O cientista político Milton Lahuerta, professor da Unesp, afirma que a possível entrada oficial de Lula no governo estaria longe de ser uma solução.
"É muito provável que seu nome vá surgir em outros momentos e delações. A despeito disso, ele vai levar para dentro do governo o seu problema pessoal", diz.
"O risco de o Lula mais atrapalhar a Dilma do que ajudar é muito alto. E isso não por vontade dele de ajudar ou até de competência, mas porque vai ficando cada vez mais claro que ela, como presidente da República, não existe", acrescenta. "Na prática, seria como um autogolpe do ponto de vista institucional."
Para Ismael um dos desdobramentos das acusações de Delcídio pode ser que o procurador-geral da República, Rodrigo Janot tenha de abrir uma investigação sobre a presidente – e seu antecessor, caso Lula aceite o ministério e, com isso, passe a ter foro privilegiado.
"O governo vai tentar desqualificar a delação dizendo que se trata de vingança, mas a gravação de Mercadante é um problema adicional para ele e para a presidente – porque afinal ele era seu homem de confiança", acrescenta, citando o registro de uma conversa entre o ministro e um assessor de Delcídio, entregue ao STF.
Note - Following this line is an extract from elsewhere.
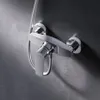 A close-up shot of a chrome shower faucet mounted on a textured gray wall. Produktbild-Vorschau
Embora as acusações ainda precisem ser comprovadas, "a realidade é que a verdade dos fatos pouco importa nesse momento", avalia o cientista político Renato Perissinotto, da UFPR (Universidade Federal do Paraná).
"Dilma já está muito enfraquecida pela crise política, pelas manifestações de domingo. Essa delação é mais uma bomba em uma sequência de explosões."
Oposição
Os analistas avaliam que, caso confirmado, o possível envolvimento de nomes importantes do governo e da oposição no escândalo aumentará o descrédito da população em relação à política.
"Essas declarações do Delcídio colocam mais ingredientes para criar ou reforçar essa sensação de que estamos em um mar de lama, de que ninguém presta", diz Lauherta, da Unesp.
"Se prosseguirmos nessa linha de que hoje aparece um problema com o governo, depois com a oposição e com isso vai caindo, cai o rei de copas, cai o rei de paus, vamos chegar à falência do sistema político."
Perissinotto, da UFPR, faz um prognóstico sombrio:
"Ao que tudo indica, essa investigação vai pegar todo mundo. Em última instância, ela está colocando em xeque o próprio sistema político, que sempre funcionou com base em caixa 2. Mas o problema é que não sabemos o que vai surgir com o colapso do sistema. Pode não ser algo melhor. Podemos ter a ascensão de um líder radical. Enfim, tudo é possível."
Crise longa
Segundo o cientista político Rafael Cortez, da consultoria Tendências, os últimos acontecimentos indicam que essa crise ainda levará um bom tempo para se dissipar.
"É curioso, porque tem claramente um enfraquecimento (de Dilma). A agenda negativa, a despeito de toda a variação, sempre foi prejudicial ao governo. Mas, por outro lado, sugere-se que ainda vai haver muita luta para a definição desse quadro."
Cortez cita a eventual nomeação de Lula para um ministério, "mostrando que o PT vai lutar pelo mandato", e a necessidade de se buscar provas para as acusações da delação de Delcídio como fatores para que esse cenário se alongue.
"A oposição e o governo estão sinalizando que apostam na solução do confronto", diz o especialista. "Esse processo não vai ser resolvido da noite para o dia."